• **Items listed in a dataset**
□ □ □ □ □

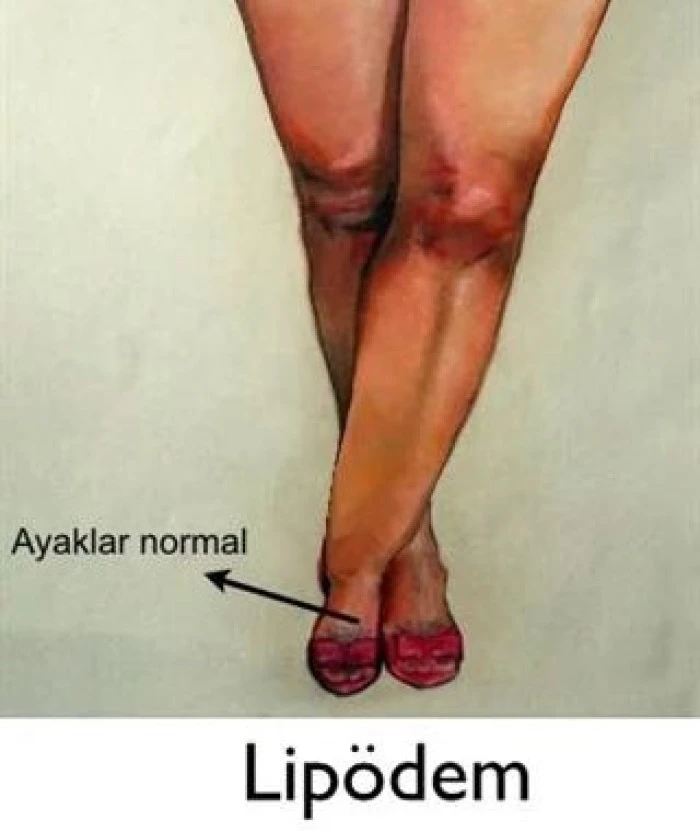 Menopozda V&uuml;cut Tipiniz Değişiyorsa Dikkat: Obezite Sanılan "Lip&ouml;dem" Tehlikesi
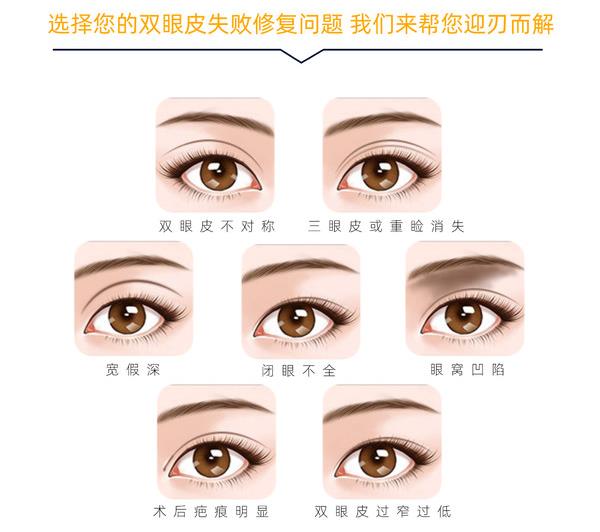 吳焱秋醫(yī)生做雙眼皮修復怎樣？專業(yè)技術與豐富經(jīng)驗加持打造自然靈動美眼效果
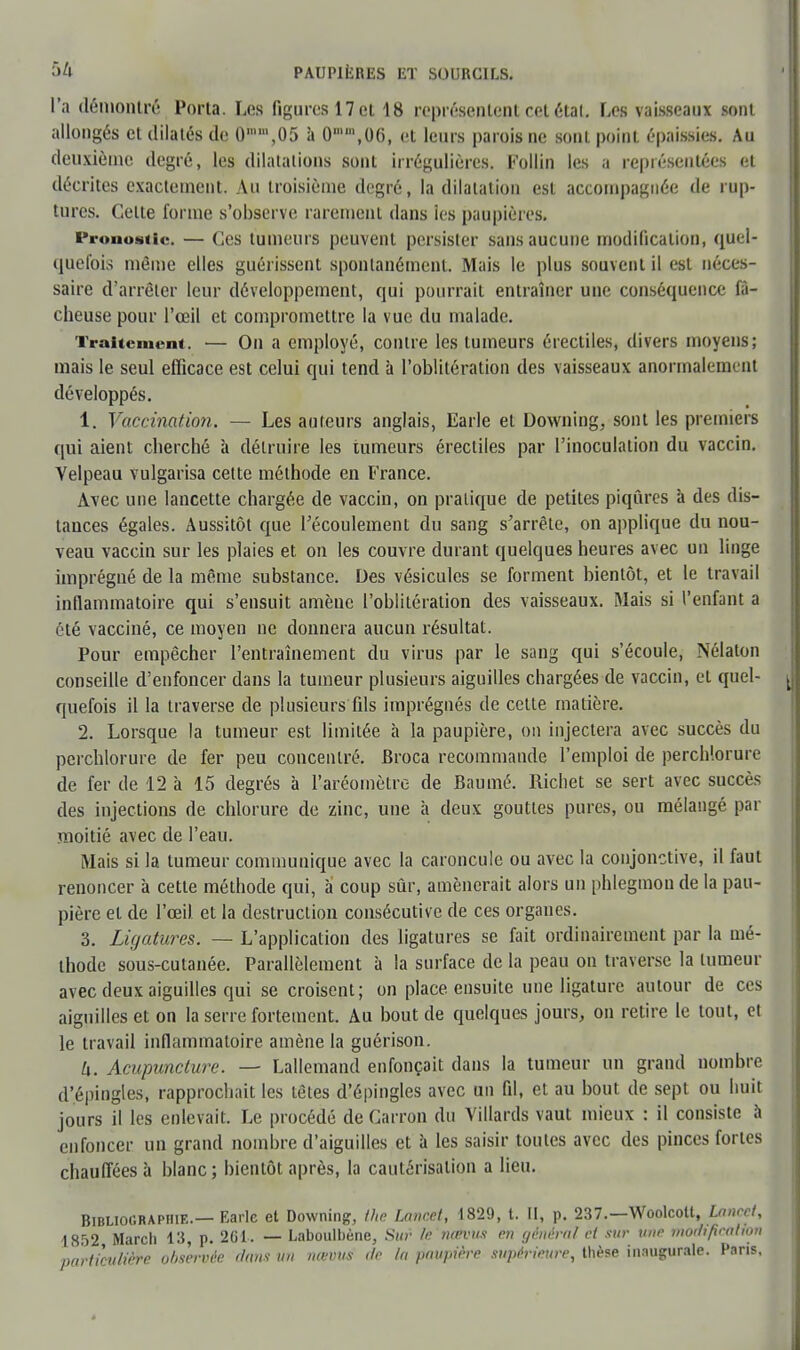 l'a démontré Porta. Les figures 17 cl 18 représentent cet étal. Les vaisseaux sont allongés et dilatés de 0m,,05 à 0mm,06, et leurs parois ne sonl point épaissies. Au deuxième degré, les dilatations sont irrégulières. Follin les a représentées et décrites exactement. Au troisième degré, la dilatation est accompagnée de rup- tures. Celte forme s'observe rarement dans ies paupières. Pronostic. — Ces tumeurs peuvent persister sans aucune modification* quel- quefois même elles guérissent spontanément Mais le plus souvent il est néces- saire d'arrêter leur développement, qui pourrait entraîner une conséquence fâ- cheuse pour l'œil et compromettre la vue du malade. Traitement. — On a employé, contre les tumeurs érectiles, divers moyens; mais le seul efficace est celui qui tend à l'oblitération des vaisseaux anormalement développés. 1. Vaccination. — Les auteurs anglais, Earle et Downing, sont les premiers qui aient cherché à détruire les uimeurs érectiles par l'inoculation du vaccin. Velpeau vulgarisa celte méthode en France. Avec une lancette chargée de vaccin, on pratique de petites piqûres à des dis- tances égales. Aussitôt que l'écoulement du sang s'arrête, on applique du nou- veau vaccin sur les plaies et on les couvre durant quelques heures avec un linge imprégné de la même substance. Des vésicules se forment bientôt, et le travail inflammatoire qui s'ensuit amène l'oblitération des vaisseaux. Mais si l'enfant a été vacciné, ce moyen ne donnera aucun résultat. Pour empêcher l'entraînement du virus par le sang qui s'écoule, Nélaton conseille d'enfoncer dans la tumeur plusieurs aiguilles chargées de vaccin, et quel- quefois il la traverse de plusieurs fils imprégnés de cette matière. 2. Lorsque la tumeur est limitée à la paupière, on injectera avec succès du perchlorure de fer peu concentré. Broca recommande l'emploi de perchlorure de fer de 12 à 15 degrés à l'aréomètre de Baumé. Richet se sert avec succès des injections de chlorure de zinc, une à deux gouttes pures, ou mélangé par moitié avec de l'eau. Mais si la tumeur communique avec la caroncule ou avec la conjonctive, il faut renoncer à cette méthode qui, a coup sûr, amènerait alors un phlegmou de la pau- pière et de l'œil et la destruction consécutive de ces organes. 3. Ligatures. — L'application des ligatures se fait ordinairement par la mé- thode sous-cutanée. Parallèlement à la surface de la peau on traverse la tumeur avec deux aiguilles qui se croisent; on place ensuite une ligature autour de ces aiguilles et on la serre fortement. Au bout de quelques jours, on retire le tout, et le travail inflammatoire amène la guérison. h. Acupuncture. — Lallemand enfonçait dans la tumeur un grand nombre d'épingles, rapprochait les têtes d'épingles avec un fil, et au bout de sept ou huit jours il les enlevait. Le procédé de Carron du Villards vaut mieux : il consiste à enfoncer un grand nombre d'aiguilles et à les saisir toutes avec des pinces fortes chauffées à blanc; bientôt après, la cautérisation a lieu. Bibliographie.— Earle et Downing, the Laurel, 1829, t. II, p. 237.—Woolcott, Laurel, 1852 Mardi 13, p. 26t. — Laboulbène, Sur Vt ruÉVUS en général et sur une modtficalhn particulière observée dam un nœvus de la paupière supérieure, thèse inaugurale. Pans,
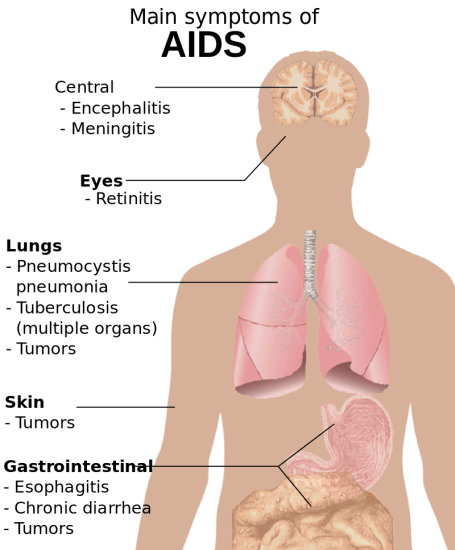 Difference Between HIV and AIDS 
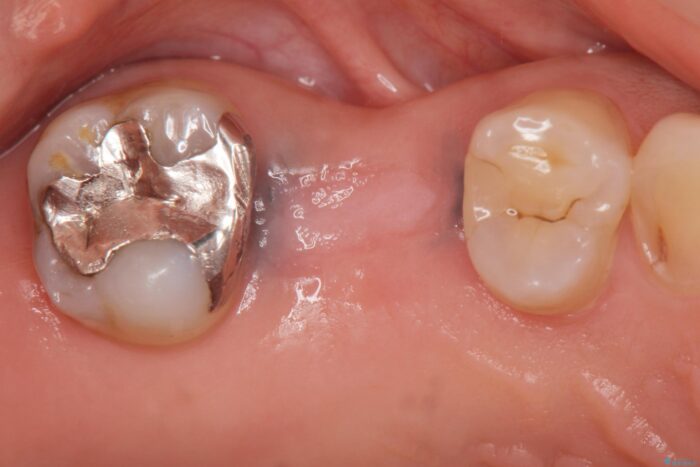 虫歯で失った奥歯、インプラント治療で咬合機能の回復 治療途中画像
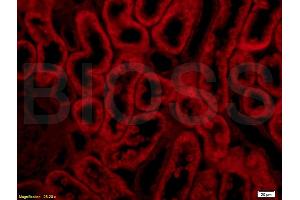 Formalin-fixed and paraffin embedded rat kidney labeled with Anti-Integrin Î±E2 Polyclonal Antibody, Unconjugated (ABIN678758) at 1:200 followed by conjugation to the secondary antibody Goat Anti-Rabbit IgG, PE conjugated used at 1:200 dilution for 40 minutes at 37 °C. (Integrin, alpha E2 (AA 1101-1179) antibody)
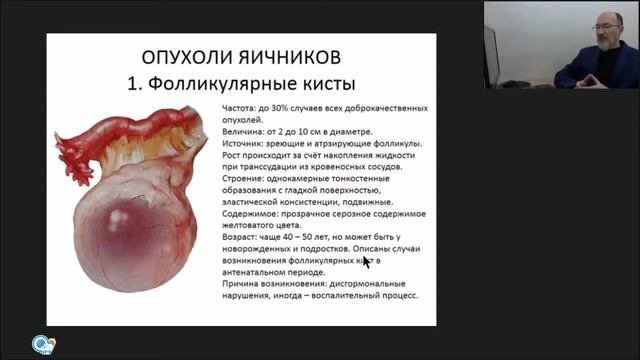 Опухоли и опухолевидные образования яичников. Часть первая.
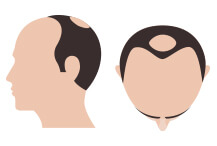 hair-thumb-step-6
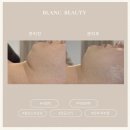 슈어왁싱&에스테틱 | 이중턱이 고민이라면 김해피부관리 블랑뷰티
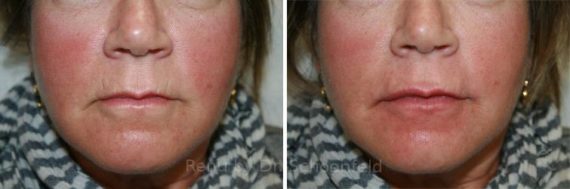 Dermal Filler Before and After Photos in DC, Patient 7363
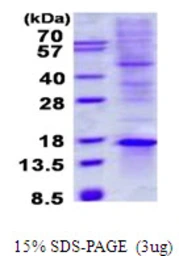 Human TIAF1 protein, His tag. GTX68035-pro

□ □ □ □ □

• **Description of the task**
In your copy, reproduce the data above exactly and skip every picture.

• **Response area**
 Menopozda V&uuml;cut Tipiniz Değişiyorsa Dikkat: Obezite Sanılan "Lip&ouml;dem" Tehlikesi
 吳焱秋醫(yī)生做雙眼皮修復怎樣？專業(yè)技術與豐富經(jīng)驗加持打造自然靈動美眼效果
 l'a démontré Porta. Les figures 17 cl 18 représentent cet étal. Les vaisseaux sont allongés et dilatés de 0m,,05 à 0mm,06, et leurs parois ne sonl point épaissies. Au deuxième degré, les dilatations sont irrégulières. Follin les a représentées et décrites exactement. Au troisième degré, la dilatation est accompagnée de rup- tures. Celte forme s'observe rarement dans ies paupières. Pronostic. — Ces tumeurs peuvent persister sans aucune modification* quel- quefois même elles guérissent spontanément Mais le plus souvent il est néces- saire d'arrêter leur développement, qui pourrait entraîner une conséquence fâ- cheuse pour l'œil et compromettre la vue du malade. Traitement. — On a employé, contre les tumeurs érectiles, divers moyens; mais le seul efficace est celui qui tend à l'oblitération des vaisseaux anormalement développés. 1. Vaccination. — Les auteurs anglais, Earle et Downing, sont les premiers qui aient cherché à détruire les uimeurs érectiles par l'inoculation du vaccin. Velpeau vulgarisa celte méthode en France. Avec une lancette chargée de vaccin, on pratique de petites piqûres à des dis- tances égales. Aussitôt que l'écoulement du sang s'arrête, on applique du nou- veau vaccin sur les plaies et on les couvre durant quelques heures avec un linge imprégné de la même substance. Des vésicules se forment bientôt, et le travail inflammatoire qui s'ensuit amène l'oblitération des vaisseaux. Mais si l'enfant a été vacciné, ce moyen ne donnera aucun résultat. Pour empêcher l'entraînement du virus par le sang qui s'écoule, Nélaton conseille d'enfoncer dans la tumeur plusieurs aiguilles chargées de vaccin, et quel- quefois il la traverse de plusieurs fils imprégnés de cette matière. 2. Lorsque la tumeur est limitée à la paupière, on injectera avec succès du perchlorure de fer peu concentré. Broca recommande l'emploi de perchlorure de fer de 12 à 15 degrés à l'aréomètre de Baumé. Richet se sert avec succès des injections de chlorure de zinc, une à deux gouttes pures, ou mélangé par moitié avec de l'eau. Mais si la tumeur communique avec la caroncule ou avec la conjonctive, il faut renoncer à cette méthode qui, a coup sûr, amènerait alors un phlegmou de la pau- pière et de l'œil et la destruction consécutive de ces organes. 3. Ligatures. — L'application des ligatures se fait ordinairement par la mé- thode sous-cutanée. Parallèlement à la surface de la peau on traverse la tumeur avec deux aiguilles qui se croisent; on place ensuite une ligature autour de ces aiguilles et on la serre fortement. Au bout de quelques jours, on retire le tout, et le travail inflammatoire amène la guérison. h. Acupuncture. — Lallemand enfonçait dans la tumeur un grand nombre d'épingles, rapprochait les têtes d'épingles avec un fil, et au bout de sept ou huit jours il les enlevait. Le procédé de Carron du Villards vaut mieux : il consiste à enfoncer un grand nombre d'aiguilles et à les saisir toutes avec des pinces fortes chauffées à blanc; bientôt après, la cautérisation a lieu. Bibliographie.— Earle et Downing, the Laurel, 1829, t. II, p. 237.—Woolcott, Laurel, 1852 Mardi 13, p. 26t. — Laboulbène, Sur Vt ruÉVUS en général et sur une modtficalhn particulière observée dam un nœvus de la paupière supérieure, thèse inaugurale. Pans,
 Difference Between HIV and AIDS 
 虫歯で失った奥歯、インプラント治療で咬合機能の回復 治療途中画像
 Formalin-fixed and paraffin embedded rat kidney labeled with Anti-Integrin Î±E2 Polyclonal Antibody, Unconjugated (ABIN678758) at 1:200 followed by conjugation to the secondary antibody Goat Anti-Rabbit IgG, PE conjugated used at 1:200 dilution for 40 minutes at 37 °C. (Integrin, alpha E2 (AA 1101-1179) antibody)
 Опухоли и опухолевидные образования яичников. Часть первая.
 hair-thumb-step-6
 슈어왁싱&에스테틱 | 이중턱이 고민이라면 김해피부관리 블랑뷰티
 Dermal Filler Before and After Photos in DC, Patient 7363
 Human TIAF1 protein, His tag. GTX68035-pro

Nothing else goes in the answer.